1. Ports
  2. Port 855

Port 855 is officially unassigned. IANA—the organization that maintains the authoritative registry of port numbers—has kept ports 855-859 in reserve but has never allocated them to any protocol or service.

What "Unassigned" Means

The port number system divides the 65,536 available ports into three ranges:

  • Well-known ports (0-1023) — Reserved for system services and widely-used protocols. Requires administrative privileges to bind to these ports.
  • Registered ports (1024-49151) — Available for applications to register with IANA for specific services.
  • Dynamic/ephemeral ports (49152-65535) — Available for temporary use by client applications.

Port 855 falls in the well-known range. This means it was set aside decades ago when the port system was designed, reserved for protocols that were important enough to need privileged access. But that protocol never came.
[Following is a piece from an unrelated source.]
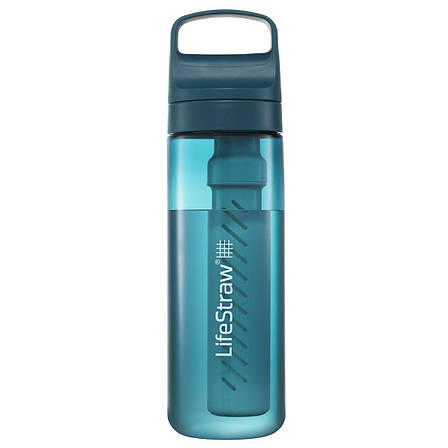 Пляшка-фільтр для води LifeStraw Go Filter Bottle, 650 мл, Laguna Teal (LSW LGV422TLWW), фото 2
Why Unassigned Ports Matter

Not every port needs to be filled. The gaps in the registry tell a story about how the Internet evolved differently than its architects expected.

When the port system was designed in the early 1980s, the well-known range (0-1023) was sized generously—room for 1,024 fundamental protocols. But the Internet didn't need 1,024 fundamental protocols. It needed a few dozen core services (DNS, HTTP, SMTP, SSH) and then thousands of specialized applications that could live in the registered range.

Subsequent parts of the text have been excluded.